Shale investors have been demanding more consolidation in the oil patch. But not exactly a deal like this one. The merger of Cabot Oil & Gas Corp. with Cimarex Energy Co. announced Monday has confounded investors and analysts, leaving them to question the logic behind a tie-up that the companies say will increase diversification. Cimarex is mostly an oil explorer in Texas and Oklahoma, while Cabot is focused on natural gas drilling in the Marcellus shale basin in Appalachia.
Analysts at Citigroup Inc. said the deal — an all-stock transaction valued at about $7.4 billion — is an unexpected pairing as it creates geographic diversity, unlike other major industry transactions recently. KeyBanc Capital Markets Inc. downgraded shares of Cimarex because of the lack of a premium and what it views as no clear strategic benefit to investors. Bloomberg Intelligence said a Permian-focused partner would have made far more sense for Cimarex.

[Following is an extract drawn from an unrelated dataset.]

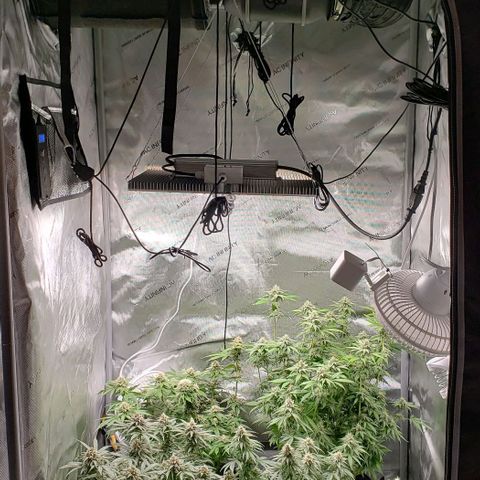 T-Dub (Trainwreck Heirloom) growlog timeline photo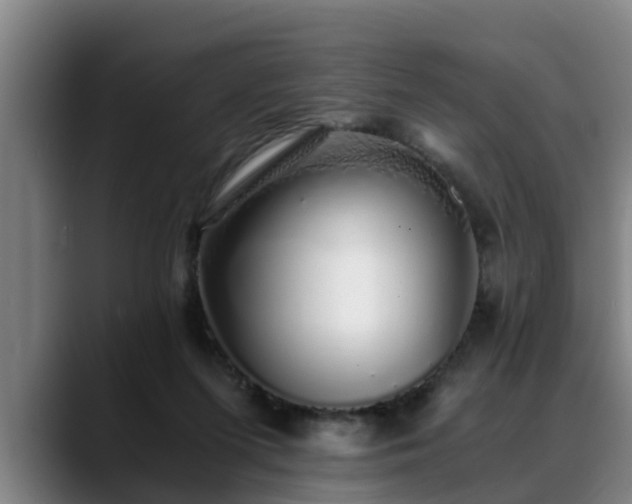 X0000088840215200706141544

“This deal comes as a bit of a surprise and may have a less clear story to tell investors,” Andrew Dittmar, an analyst at Enverus, wrote in a statement. “Some investors may wonder why in-basin opportunities weren’t pursued ahead of a surprising multi-basin deal.”
Deal-making in the shale patch has picked up following a rebound in oil prices from their pandemic-era lows. The number of U.S. exploration and production deals announced or closed this year have more than quadrupled to about $26 billion from the same period a year earlier, Bloomberg data show.
By contrast, enthusiasm permeated through markets two weeks ago when Bonanza Creek Energy Inc. and Extraction Oil & Gas Inc. announced an all-stock deal valued at about $1.1 billion that will combine assets in Colorado. The merger — a low-premium deal — was favored among shareholders, as it aims to build on the companies’ existing footprint in the area. Shares for Bonanza and Extraction surged as a result.
“I realize this one is a little different than many of the others,” Jorden said. “We’re not terribly focused on the short-term here.”